I pull my phone over, tucking it in my pocket and clearing my throat. “Clothes, then. Give Darius your sizes, and we’ll have some pieces delivered for you.”
“The Council will convene soon.” She ignores me and sets her coffee on the counter, back straight and chin set. “My parents and the Accardis won’t let them wait very long.”
This is Business Zarina. In an overlarge tee and no pants. Maybe no underwear. I pluck up my own mug and take a drink lest I drool in front of her. “What story do you want to tell?”
“The lesbian tale as old as time.” She waggles her brows.
“And they were very good friends?”
She chuckles. “The other one—secrecy and shadows and pseudonyms.”
I hum affirmation. “A classic.”
“I need a couple things other than clothes for the meeting. ”
“Like?” I have to forcefully suck in my lips before I make an entire list of inappropriate suggestions.

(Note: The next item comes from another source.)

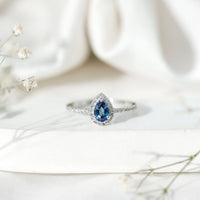 Natural half carat blue sapphire teardrop engagement ring with diamond halo, featuring a rose gold band and intricate detailing.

“Hair, makeup, jewelry, shoes, purses.” She rinses her mug in the sink and places it in the dishwasher, bending just enough to tease me into damn near cardiac arrest. I grip my own mug tighter, the ceramic creaking under my fingers. She continues on, as if she hasn’t already listed a casual six-figure wardrobe. “And if we don’t die at the Council meeting, a phone, laptop, car?—”
“I didn’t know having a fiancée would be so expensive,” I grumble.
Zarina digs a fingernail into the skin under my collar, just beside my jugular, and scratches across my neck. “It can cost more than money, if you like,” she purrs.
I take her wrist in my hand, sweeping my thumb along her pulse point in a harsh contrast to her threatening claws. I lean over, lips beside her cheek. “Really, someone ought to bend you over their knee, princess.”
“Maybe later, hm?” She pats my shoulder with her free hand as I let the other slip from my grip and watch her back out of the kitchen, expression smug. “Right now, we have business to prepare for.”